Data section →

+-------+

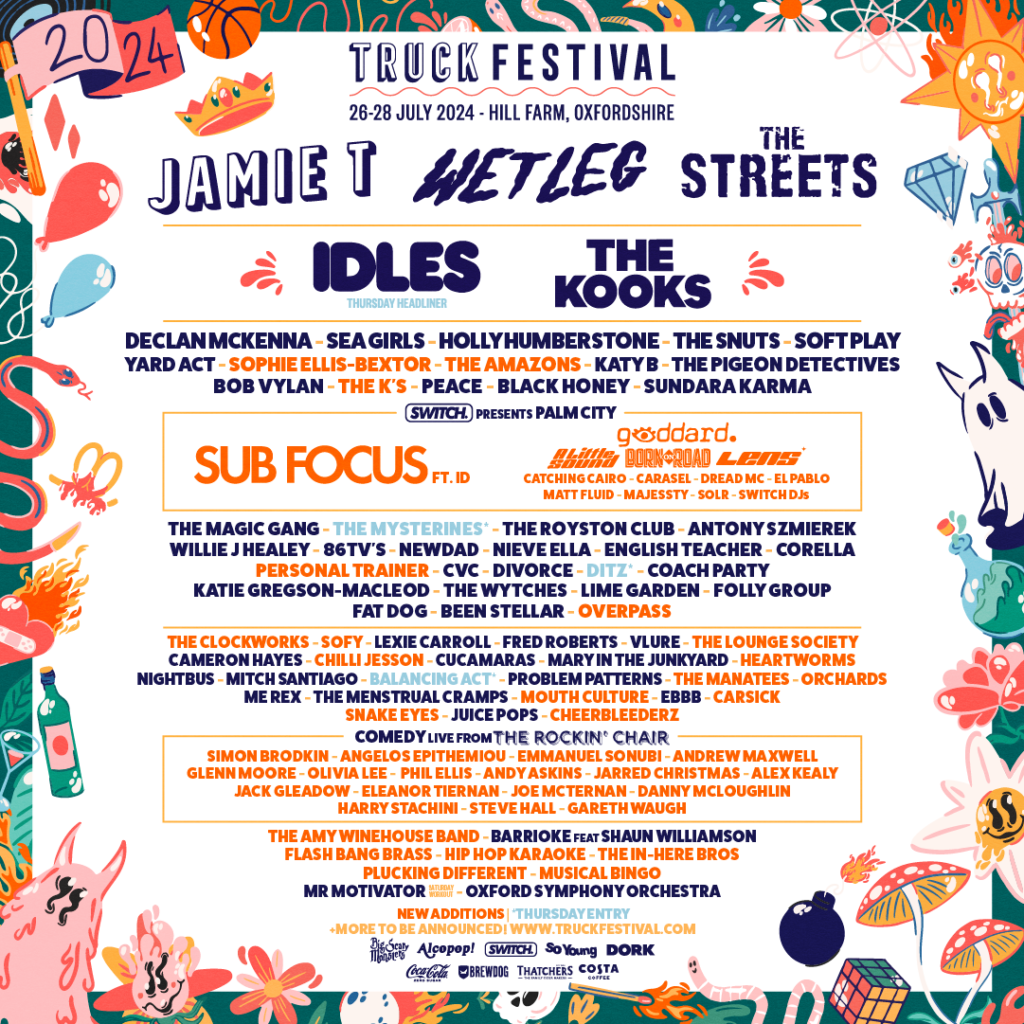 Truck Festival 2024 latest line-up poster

+-------+

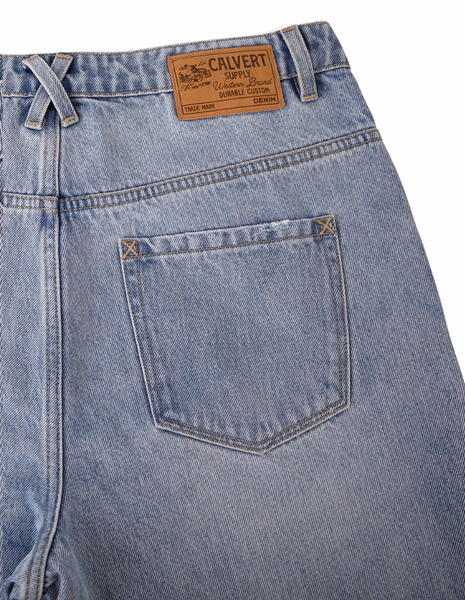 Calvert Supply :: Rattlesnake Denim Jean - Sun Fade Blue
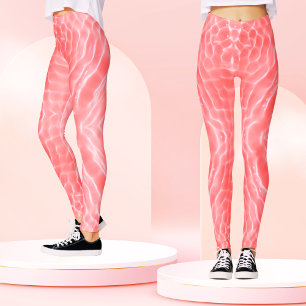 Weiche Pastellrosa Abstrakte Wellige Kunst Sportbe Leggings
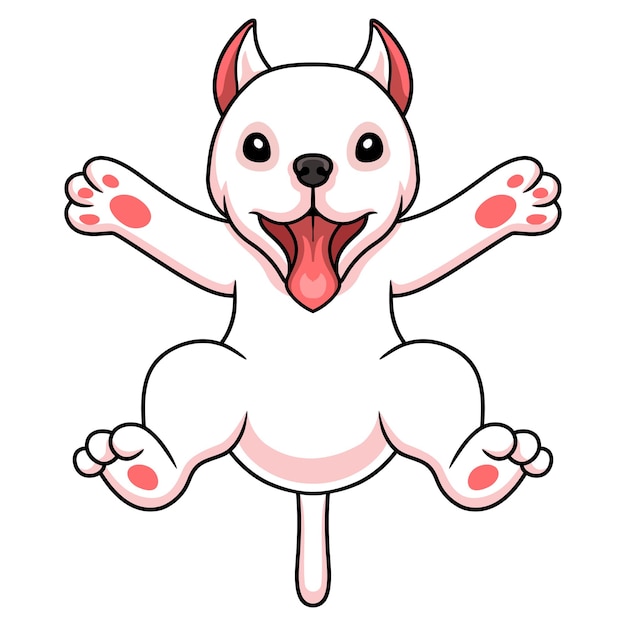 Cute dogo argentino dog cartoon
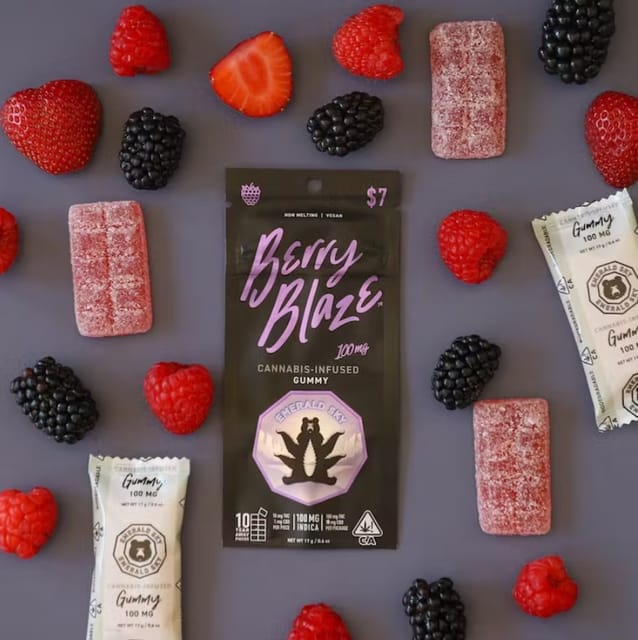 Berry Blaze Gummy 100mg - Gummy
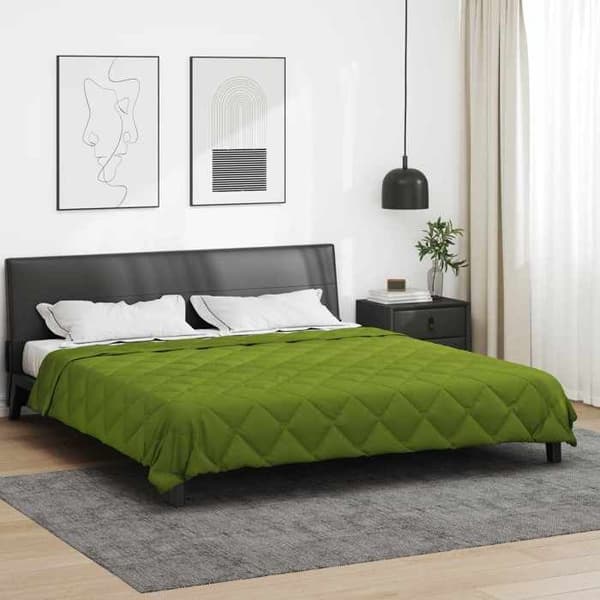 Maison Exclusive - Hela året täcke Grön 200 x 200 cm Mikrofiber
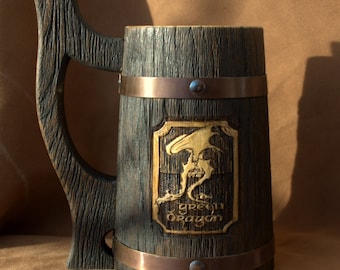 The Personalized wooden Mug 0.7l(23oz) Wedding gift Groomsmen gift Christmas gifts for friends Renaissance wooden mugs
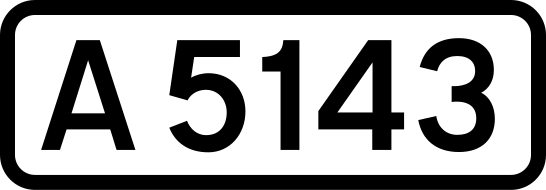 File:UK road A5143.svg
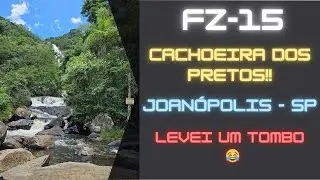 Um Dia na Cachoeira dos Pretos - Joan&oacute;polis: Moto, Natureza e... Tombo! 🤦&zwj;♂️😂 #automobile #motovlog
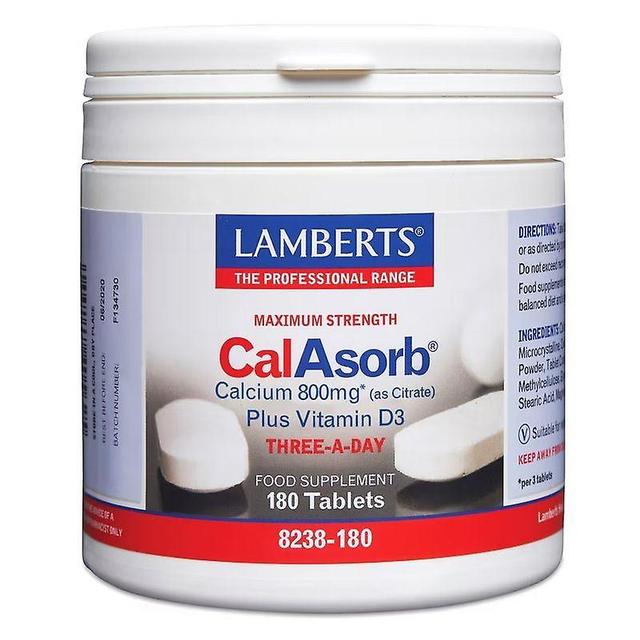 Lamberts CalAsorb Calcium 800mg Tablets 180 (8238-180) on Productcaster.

+-------+

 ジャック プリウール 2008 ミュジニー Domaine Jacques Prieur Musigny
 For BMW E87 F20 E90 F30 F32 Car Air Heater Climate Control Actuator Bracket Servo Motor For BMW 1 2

+-------+

Problem description →
The answer should consist only of the lines above from the one with "Calvert Supply :: Rattlesnake" through the one with "Lamberts CalAsorb Calcium", repeated exactly, with no pictures among them.

Answer box →
 Calvert Supply :: Rattlesnake Denim Jean - Sun Fade Blue
 Weiche Pastellrosa Abstrakte Wellige Kunst Sportbe Leggings
 Cute dogo argentino dog cartoon
 Berry Blaze Gummy 100mg - Gummy
 Maison Exclusive - Hela året täcke Grön 200 x 200 cm Mikrofiber
 The Personalized wooden Mug 0.7l(23oz) Wedding gift Groomsmen gift Christmas gifts for friends Renaissance wooden mugs
 File:UK road A5143.svg
 Um Dia na Cachoeira dos Pretos - Joan&oacute;polis: Moto, Natureza e... Tombo! 🤦&zwj;♂️😂 #automobile #motovlog
 Lamberts CalAsorb Calcium 800mg Tablets 180 (8238-180) on Productcaster.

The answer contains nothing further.